LOS ANGELES — The year after the Lakers hired Rob Pelinka, a former NBA agent, to be their general manager, LeBron James bolted his hometown team to follow in the L.A. footsteps of Magic, Kareem and Kobe.
The Mets should be so lucky with Brodie Van Wagenen, the CAA agent who has emerged as the front-runner to be Sandy Alderson’s replacement, a source confirmed Friday.
Manny Machado and Bryce Harper don’t quite have the same profile as King James, but for the sake of this comparison, they qualify as baseball royalty. Hiring Van Wagenen, however, doesn’t necessarily improve the Mets’ chances at acquiring any free agents, regardless of stature — unless the Wilpons give him the cash to do so.
So Van Wagenen still will be trying to pry money from owners. In that sense, his job won’t change that much.
The Mets don’t plan on making any official announcement until Monday, at the earliest, and a source cautioned that Rays executive Chaim Bloom was still under consideration. But with the momentum switching over to Van Wagenen after this week’s final round of interviews, it’s difficult to see that train abruptly reverse direction at this point.

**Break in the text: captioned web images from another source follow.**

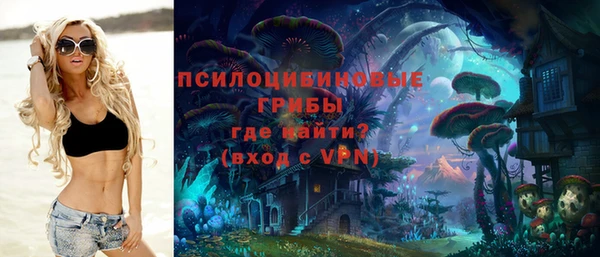 кокс Алексеевка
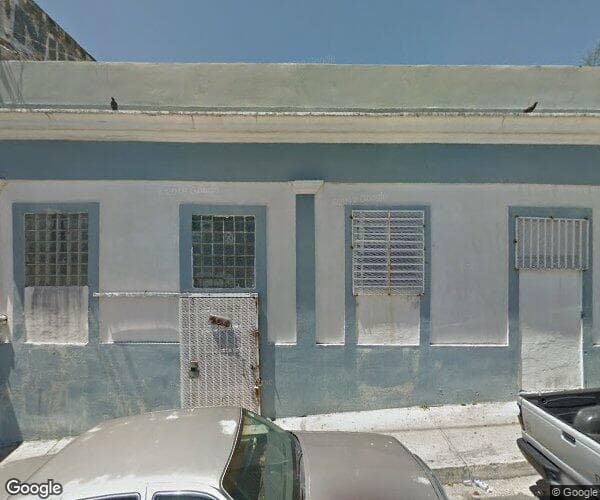104 Calle Pelayo, Viejo San Juan, San Juan, 00901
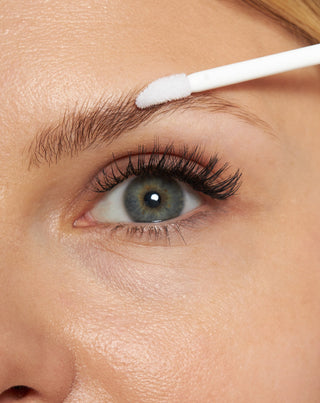 Orphica BROW Augenbrauenserum: Für kräftigere Brauen, mit Brennnessel und Ginseng-Extrakt - 3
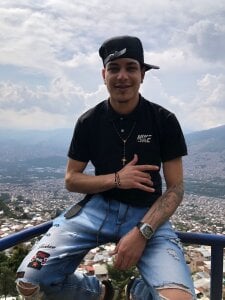 Oficial_KingOfHeavens Public 사진 5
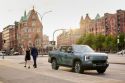 MAXUS eTerron9 442 ch
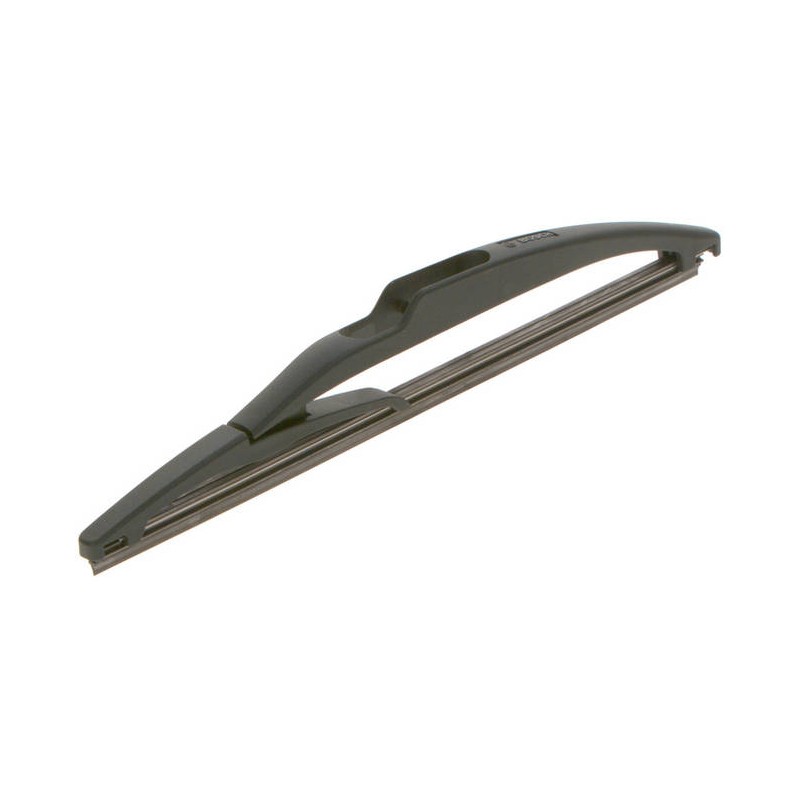 BEG REAR H801 X1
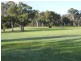 Lot 6/ Great Southern Hwy, Woottating, The Lakes WA 6556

That’s because the hard part is over. As soon as Van Wagenen chose to pursue the Mets’ GM job to its conclusion — a decision that potentially left both himself and CAA exposed in the process — you got the sense it was his to lose. Why else risk blowing up relationships with his clients unless Van Wagenen was assured of the inside track?
And who better to do so than Jeff Wilpon, who not only is tight with Van Wagenen, but already has spent nearly $200 million on his clients — and is about to invest much more. When Van Wagenen’s name first surfaced as a candidate, I immediately thought back to the Florida golf outing with Yoenis Cespedes, who was fresh off a new four-year, $110-million contract that made him the highest-paid outfielder in the game.
Cespedes’ passion for golf — since put back in the bag — was the focus of that story, but Van Wagenen and Wilpon also were part of that foursome, as chummy as Jordan Spieth and Justin Thomas. As much as hiring Van Wagenen would be a bold departure from the norm for the Mets, having Wilpon enlist someone who he can work with isn’t such an unusual strategy for this ownership group.
That’s not a bad thing, either. Based on Van Wagenen’s business acumen, and proficiency with player deals, maybe the Wilpons will feel more comfortable trusting their money with him. As for settling his own affairs with CAA, that shouldn’t be much of an issue, as Van Wagenen apparently has been doing so over the past week, and said as much in Tuesday’s statement released by the Mets.
“In my role as an agent, my solution is to create opportunities for players to be successful both on and off the field,” Van Wagenen said in the statement. “By creating partnerships between players and teams, the interests of all parties can be aligned.”
The only troublesome element of all this, as it relates to the Mets, would be how Van Wagenen’s role as GM would affect a former client base that is woven into the team’s core, a list that includes Cespedes, Jacob deGrom, Noah Syndergaard, Todd Frazier and even Tim Tebow. CAA isn’t a one-man operation, so the agency would hope their bonds to these players are strong enough to keep them as clients after Van Wagenen’s defection.
As for locking up deGrom and Syndergaard long-term, those contracts won’t hinge on who’s sitting in the GM’s chair. That will come down to the Wilpons’ checkbook, same as this offseason’s efforts to improve the club. Also remember that Van Wagenen, despite his existing relationship with Jeff Wilpon, still inherits Omar Minaya as a high-ranking member of the organization, and one that has the ear of Fred Wilpon.
On the surface, going with Van Wagenen may seem radical, only because it’s not common practice in baseball. The Diamondbacks tried a similar tack in 2014 when they hired Dave Stewart, a former agent and All-Star pitcher, to be their GM, but that lasted just two years. Given Jeff Wilpon’s very active role in the Mets’ decision-making, Van Wagenen should be a productive voice who gets listened to. Hey, it’s worth a try.